- **YOUR OBJECTIVE**
The answer must give back every line of the data exactly, with no pictures.

- **COLLECTED MATERIAL**
......

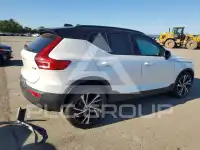 2021 Volvo XC40 фото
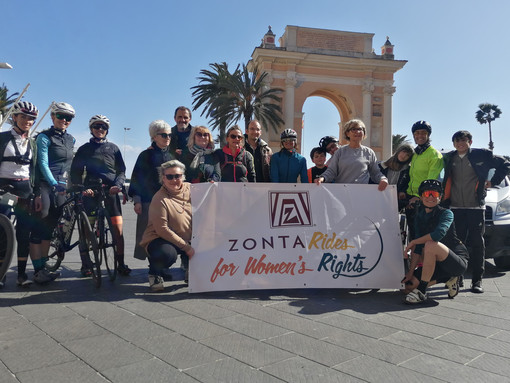 Torna &quot;a casa&quot; la Zonta Ride: fa tappa a Finale Ligure la pedalata solidale in bici per le bambine del Madagascar (FOTO e VIDEO)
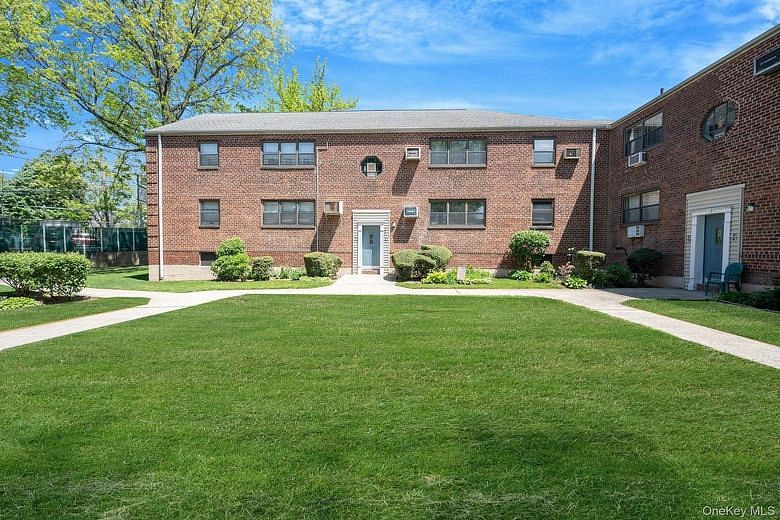 9137 153 Avenue #1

......

- **SOLUTION TO THIS EXERCISE**
 2021 Volvo XC40 фото
 Torna &quot;a casa&quot; la Zonta Ride: fa tappa a Finale Ligure la pedalata solidale in bici per le bambine del Madagascar (FOTO e VIDEO)
 9137 153 Avenue #1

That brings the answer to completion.